*** Dataset ***

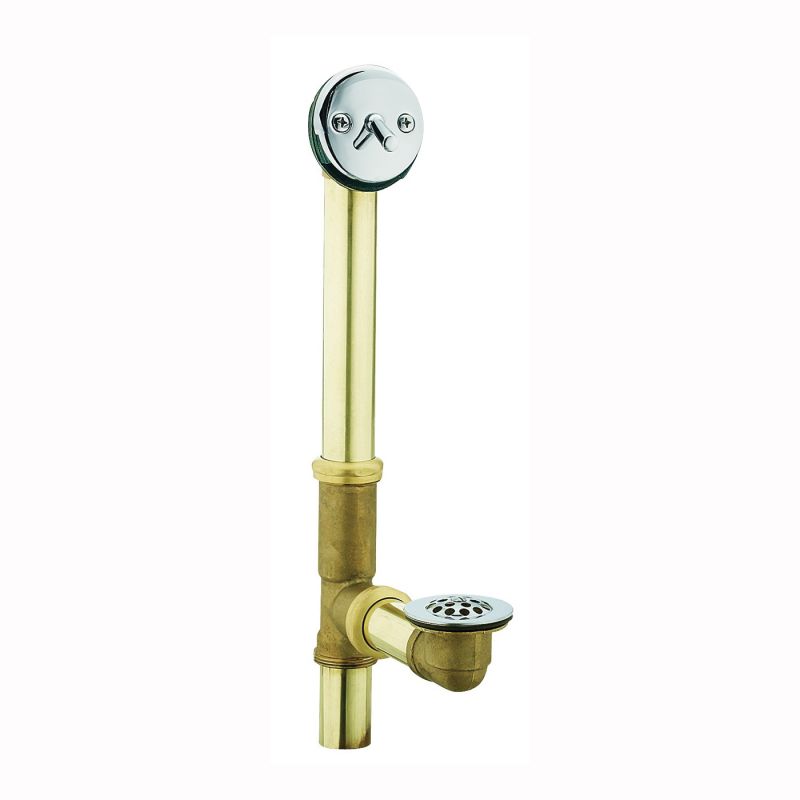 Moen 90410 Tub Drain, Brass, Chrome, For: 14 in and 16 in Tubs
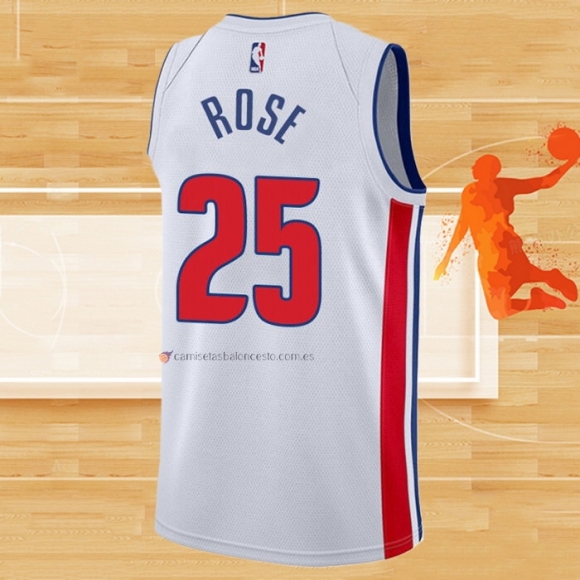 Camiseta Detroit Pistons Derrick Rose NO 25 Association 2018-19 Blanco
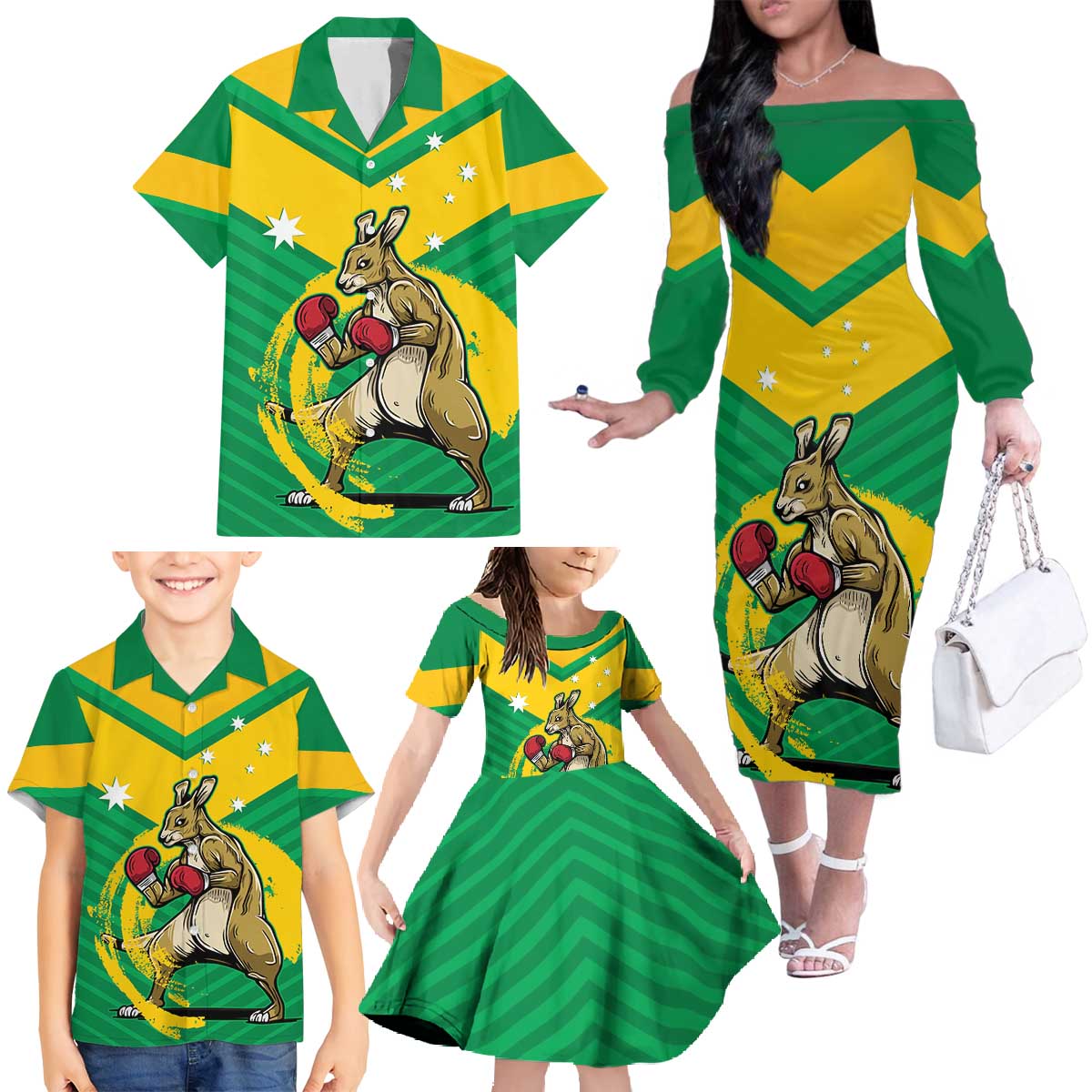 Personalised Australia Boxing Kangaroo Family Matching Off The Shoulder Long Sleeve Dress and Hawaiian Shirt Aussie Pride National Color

*** End of Dataset ***
*** Dataset ***

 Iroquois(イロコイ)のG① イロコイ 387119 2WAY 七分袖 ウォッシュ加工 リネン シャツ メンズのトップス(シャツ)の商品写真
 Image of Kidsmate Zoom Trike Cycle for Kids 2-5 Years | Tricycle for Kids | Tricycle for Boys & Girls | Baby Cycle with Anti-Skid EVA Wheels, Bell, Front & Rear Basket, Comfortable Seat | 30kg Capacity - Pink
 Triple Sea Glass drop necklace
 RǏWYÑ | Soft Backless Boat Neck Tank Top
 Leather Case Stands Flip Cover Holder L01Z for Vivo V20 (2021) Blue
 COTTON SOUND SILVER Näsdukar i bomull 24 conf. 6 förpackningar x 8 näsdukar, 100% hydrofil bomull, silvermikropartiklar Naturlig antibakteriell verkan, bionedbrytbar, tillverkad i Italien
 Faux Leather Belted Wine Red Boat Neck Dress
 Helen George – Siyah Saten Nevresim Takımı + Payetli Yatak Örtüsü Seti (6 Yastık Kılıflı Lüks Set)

*** End of Dataset ***
*** Dataset ***

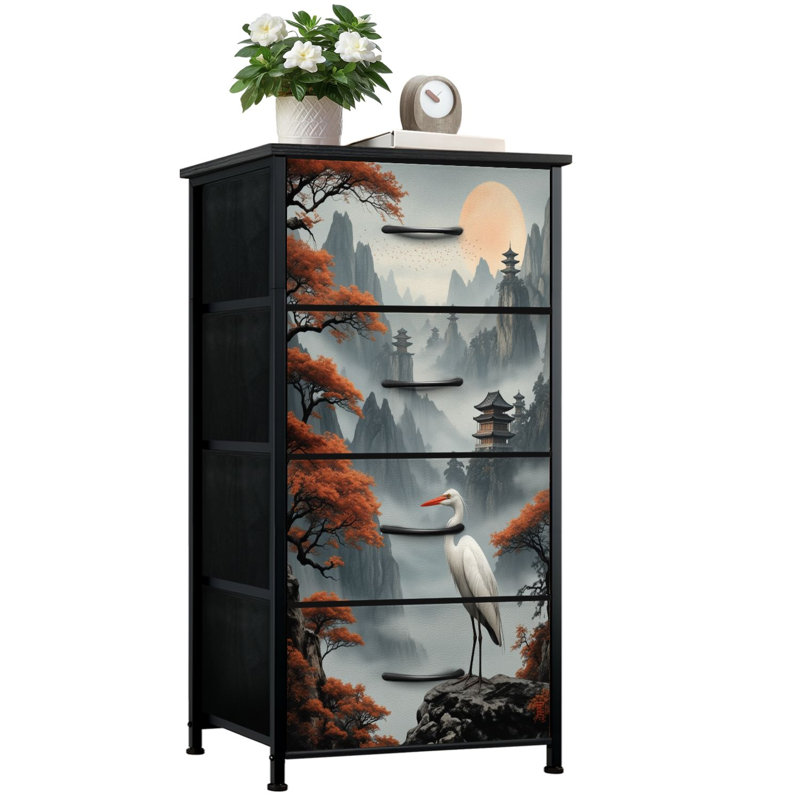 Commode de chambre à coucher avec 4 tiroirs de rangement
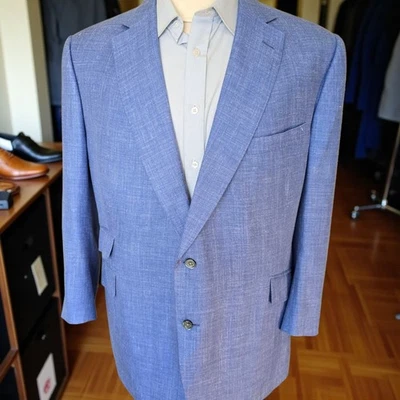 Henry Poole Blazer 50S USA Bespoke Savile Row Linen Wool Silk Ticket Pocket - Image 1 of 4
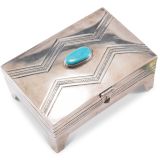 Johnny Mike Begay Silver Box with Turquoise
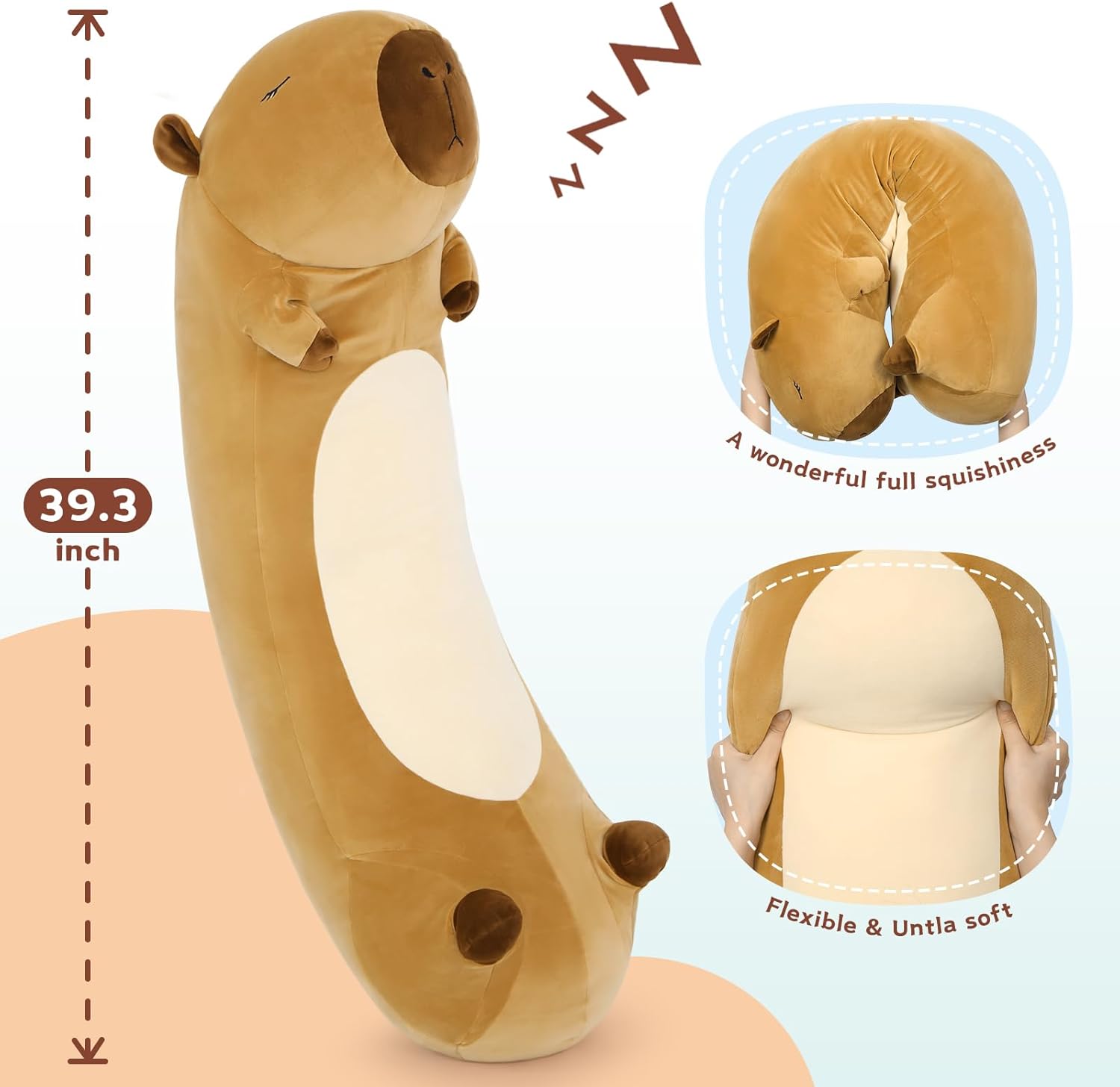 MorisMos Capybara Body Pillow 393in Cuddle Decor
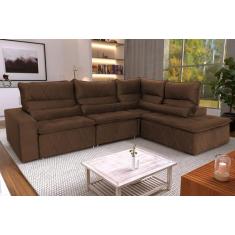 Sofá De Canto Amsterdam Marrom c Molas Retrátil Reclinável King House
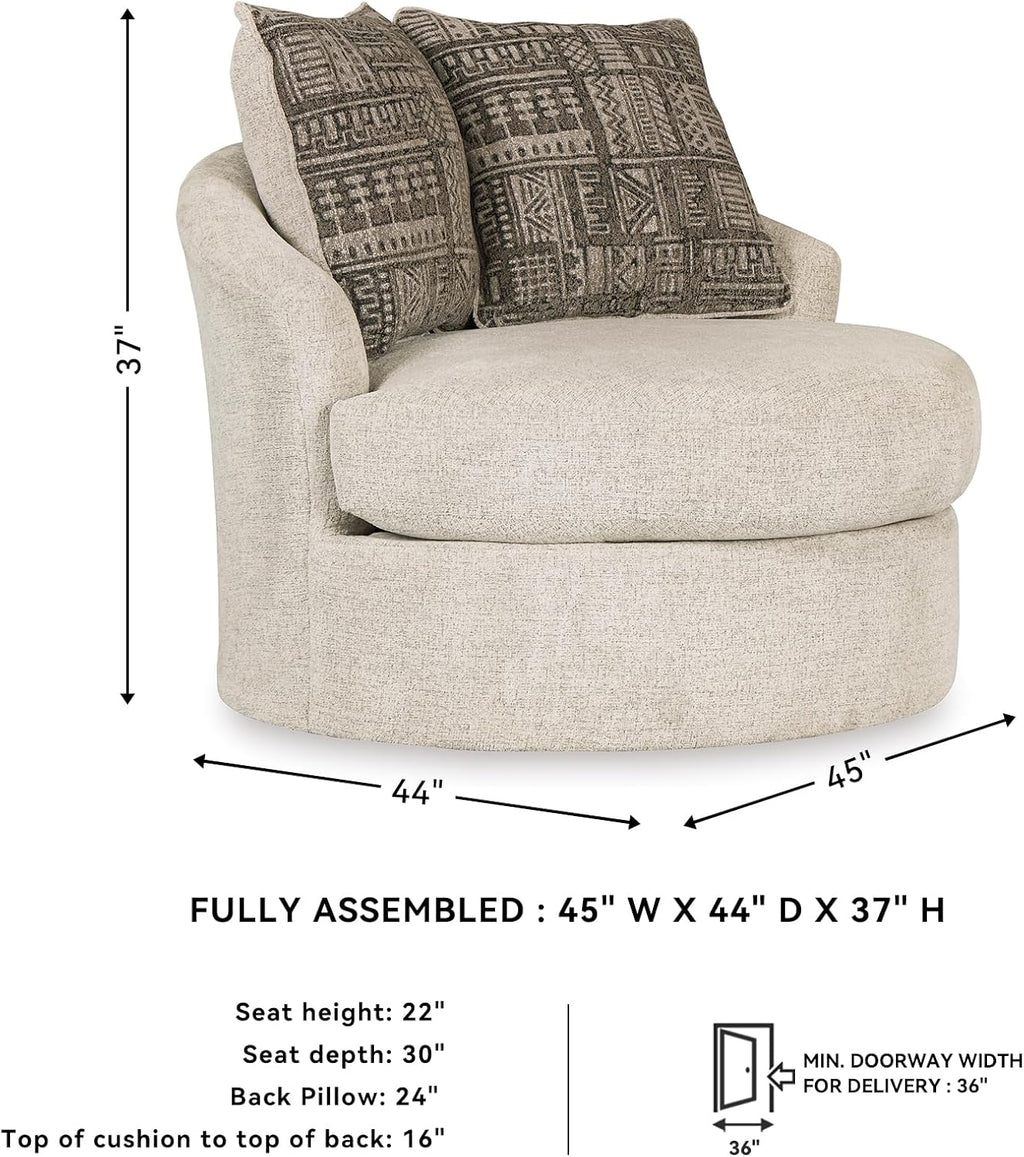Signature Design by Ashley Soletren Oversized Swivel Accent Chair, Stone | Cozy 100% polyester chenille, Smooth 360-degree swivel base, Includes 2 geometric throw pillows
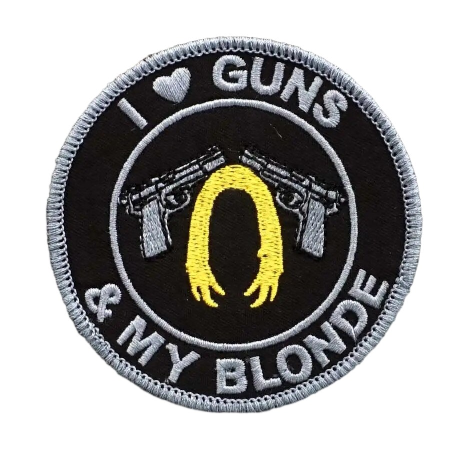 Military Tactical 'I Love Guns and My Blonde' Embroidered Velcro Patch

*** End of Dataset ***

Task description — Considering only the material above, set down every line from the one with "Leather Case Stands" to the one with "Helen George –", inclusive, exactly as written.

Solution to this problem —
 Leather Case Stands Flip Cover Holder L01Z for Vivo V20 (2021) Blue
 COTTON SOUND SILVER Näsdukar i bomull 24 conf. 6 förpackningar x 8 näsdukar, 100% hydrofil bomull, silvermikropartiklar Naturlig antibakteriell verkan, bionedbrytbar, tillverkad i Italien
 Faux Leather Belted Wine Red Boat Neck Dress
 Helen George – Siyah Saten Nevresim Takımı + Payetli Yatak Örtüsü Seti (6 Yastık Kılıflı Lüks Set)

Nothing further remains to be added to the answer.